Gelman & Imbens (2019): high-order polynomial 사용 비추천. Local linear 또는 local quadratic 정도가 적정.

3 Kernel Weighting

3.1 동기

cutoff 가까울수록 가중치 ↑, 멀수록 가중치 ↓. bias 줄임.

3.2 옵션

Kernel	함수	특징
Uniform	\(\mathbf{1}\{\|x\| \leq 1\}\)	모두 균등
Triangular	\((1 - \|x\|)_+\)	중앙에 가중 (RDD 표준)
Epanechnikov	\(\frac{3}{4}(1 - x^2)_+\)	효율적

3.3 표준 — Triangular

Imbens-Lemieux 등 RDD 문헌에서 triangular kernel 을 선호. 경계에서 부드럽게 0.

3.4 Weighting 적용

Weighted Least Squares (WLS):

\[ \min \sum_i K\left(\frac{X_i - c}{h}\right) (Y_i - \alpha - \beta(X_i - c))^2 \]

4 Bandwidth — Bias-Variance Trade-off

4.1 작은 h

Bias 작음: cutoff 근처만 사용 — local linear approximation 정확
Variance 큼: sample 적음 — SE 큼

4.2 큰 h

Bias 큼: cutoff 멀리까지 사용 — local linear approximation 부정확
Variance 작음: sample 많음 — SE 작음

4.3 Optimal h

Mean Squared Error (MSE) 최소화. Bias² + Variance 의 trade-off.

5 Imbens-Kalyanaraman (2012) — IK Bandwidth

5.1 동기

MSE-optimal bandwidth 의 data-driven 선택. 이전의 임의 선택 (h = sample SD 등) 의 한계 극복.

5.2 공식 (간략)

\[ h_{IK} = C_K \cdot \left(\frac{\hat{\sigma}^2}{\hat{m}''^2}\right)^{1/5} \cdot n^{-1/5} \]

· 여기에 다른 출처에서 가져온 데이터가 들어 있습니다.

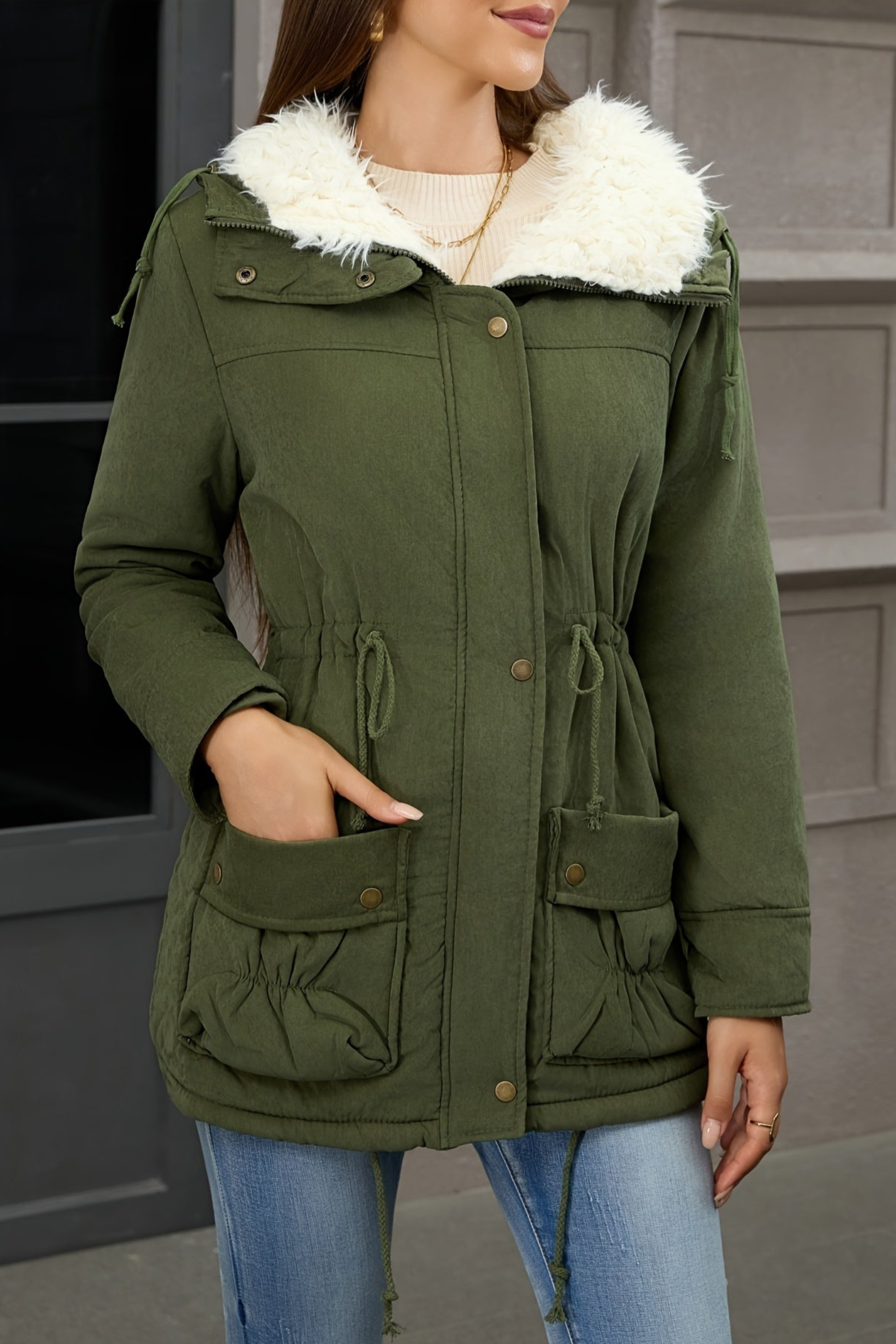 Women's Hooded Winter Parka Coat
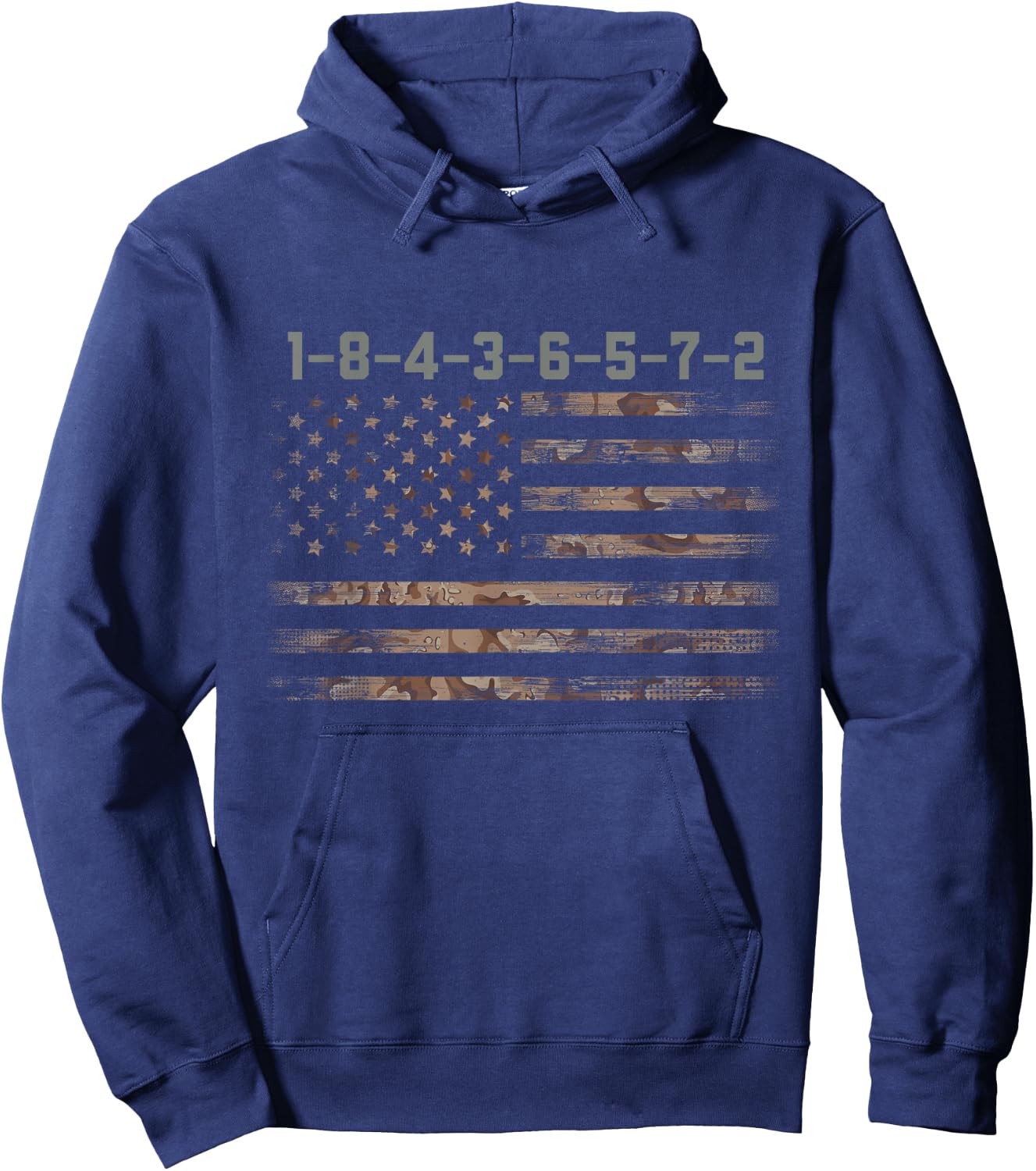 1-8-4-3-6-5-7-2 Firing Order Small Block Engine V8 Hoodie - Hoodie | Navy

\(\hat{\sigma}^2\): residual variance \(\hat{m}''\): outcome 의 2 차 미분 \(C_K\): kernel-specific constant \(n\): sample size

5.3 의의

RDD 의 bandwidth 선택 의 첫 정통 도구. R 패키지 rdrobust::rdbwselect.

5.4 한계

Bias 보정 안 됨. CCT (다음 절) 가 후속.

6 Calonico-Cattaneo-Titiunik (2014) — CCT Bandwidth

6.1 동기

IK 의 2 차 bias term 이 inference 에 영향. bias correction + robust SE 통합.

6.2 메커니즘

Bias-corrected estimator: local quadratic 으로 bias 추정 + 보정
Robust SE: 큰 sample 또는 작은 sample 에서 모두 valid

6.3 공식

\[ \hat{\tau}^{bc} = \hat{\tau} - \hat{\text{bias}} \]

여기서 \(\hat{\text{bias}}\) 는 local quadratic 의 2 차 항으로 추정.

Robust SE: bias correction 의 추가 variance 포함.

6.4 의의

Modern RDD inference 의 표준. R 패키지 rdrobust 의 default.

6.5 영향

Imbens, Cattaneo 등의 후속 연구. RDD 의 모든 응용 에서 표준 도구.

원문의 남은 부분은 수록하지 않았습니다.